The purpose of this showcase is to demonstrate the way of optimization statement with multiple JOINs. The elegant way of tuning which leads Teradata Optimizer to the optimal JOIN strategy and using data redistribution instead of duplication where appropriate.

Whenever you have complex logic with lots of joins inside try to decompose and identify parts of it performing badly. Gather Execution plan, track query performance and resource usage to determine the optimal JOIN sequence to achieve the best performance.

The results are just overwhelming. Performing JOINs the optimal way helped save resource utilization by several orders:

In several cases, it turns out to be too complicated to tune the query with lots of joins and logic inside, so it might be useful to decompose it into several consequent steps.

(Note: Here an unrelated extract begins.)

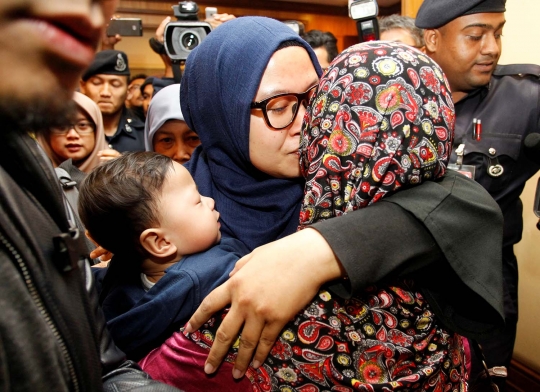 Tangis haru warga Malaysia yang ditahan Korut usai dibebaskan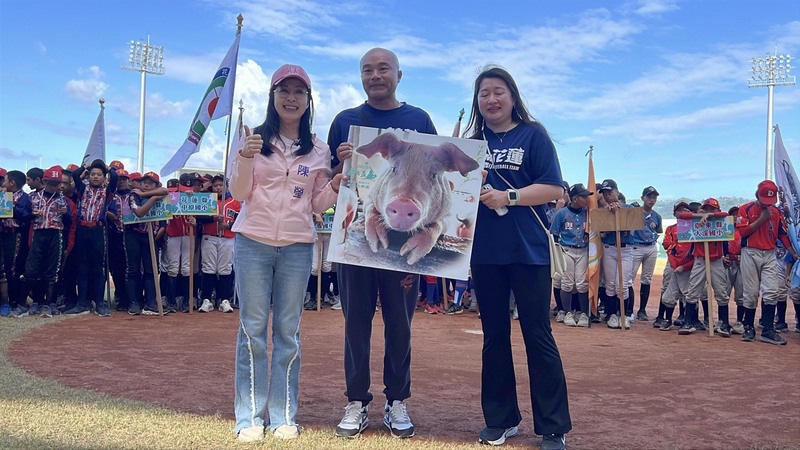 耕元盃棒球賽落幕　啦啦隊獎送出6頭豬...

It then gets easier in terms of monitoring performance, transparency, execution plan.

2. Heavy load Statement with lots of JOINs inside

Here is the real example of the query running in our production environment:

  • Heavy query run daily which consumes lots of resources;
  • Takes place at ETL Staging area (pre-detailed layer);
  • Source system entries row are enriched with surrogate keys and ETL metadata;

Inside there are 12 x LEFT JOINs take place.

The cumulative staging table (425M+ rows) is JOINed to Surrogate Keys tables (the largest is 125M+ rows).

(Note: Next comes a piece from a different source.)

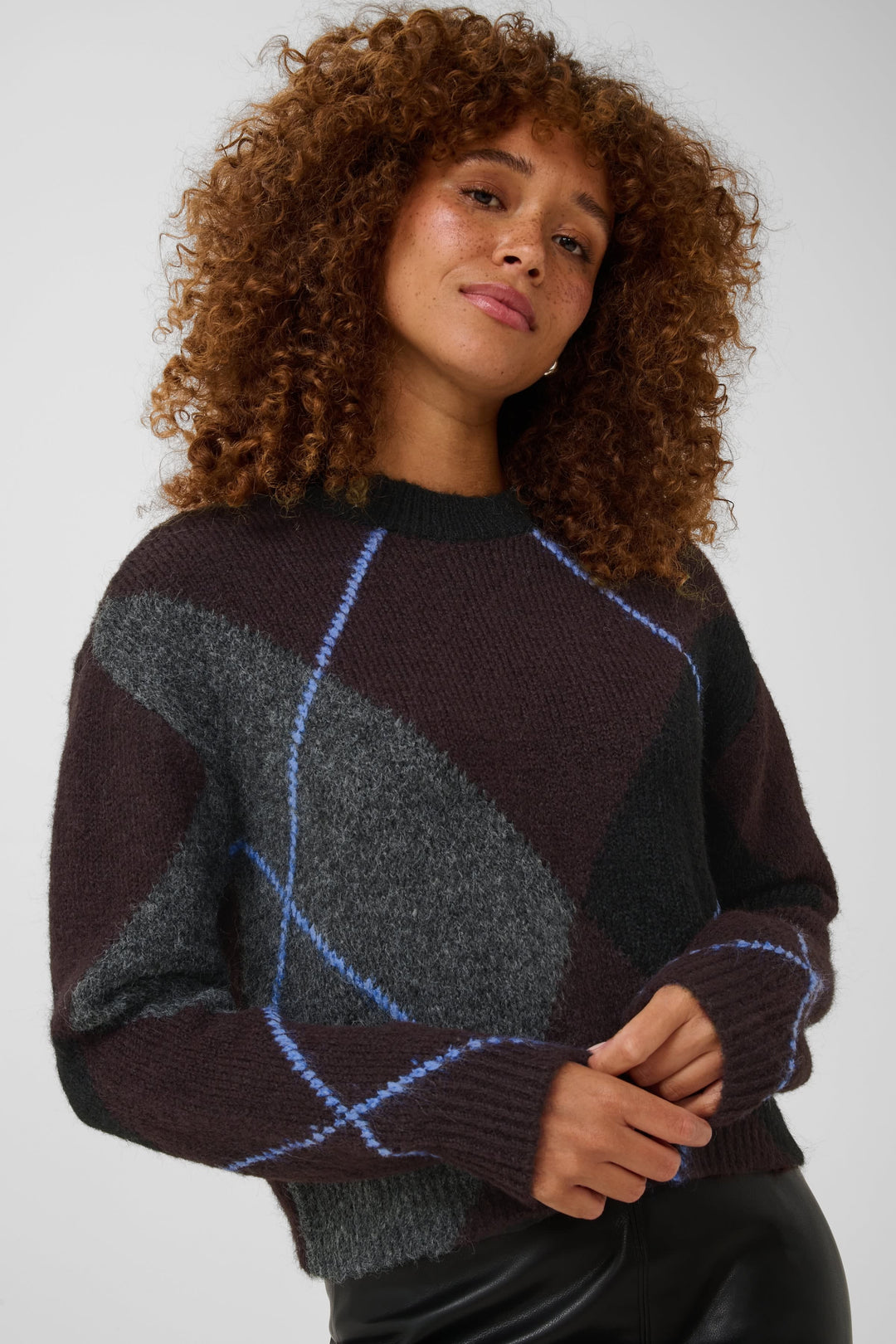 Tricot à motif losanges vue de face pour femme Kaffe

Take a look at the source code:

LOCKING ROW FOR ACCESS

SELECT
_S.*
SK_ACC_DEV.TGT_ID,
SK_PTY_CLIENT.TGT_ID,
SK_AGRMNT.TGT_ID,
SK_PTY_VSP.TGT_ID,
SK_PTY_OSB.TGT_ID,
SK_PROD.TGT_ID,
SK_ACC_DEV_REASON_TYPE.TGT_ID,
SK_DRN.TGT_ID,
SK_UCFC.TGT_ID,
SK_CONTR_SUBTYPE.TGT_ID,
SK_CARD_BIN.TGT_ID,

FROM SANDBOX.S0160000010008_CARD _S

LEFT JOIN SANDBOX.K_AGRMNT_NK07 AS _SK_AGRMNT
ON (_SK_AGRMNT.NK07_AGREEMENT_ID_W4 IS NOT NULL
AND _SK_AGRMNT.NK07_AGREEMENT_ID_W4=_S.CONTRACT_ID_W4 )

LEFT JOIN SANDBOX.K_PTY_NK12 AS _SK_PTY_CLIENT
ON (_SK_PTY_CLIENT.NK12_WAY4_CLIENT_ID IS NOT NULL
AND _SK_PTY_CLIENT.NK12_WAY4_CLIENT_ID=_S.CARD_CLIENT_ID_W4 )

LEFT JOIN SANDBOX.K_PROD_NK03 AS _SK_PROD
ON (_SK_PROD.NK03_PRODUCT_ID_W4=_S.PRODUCT_ID_W4 )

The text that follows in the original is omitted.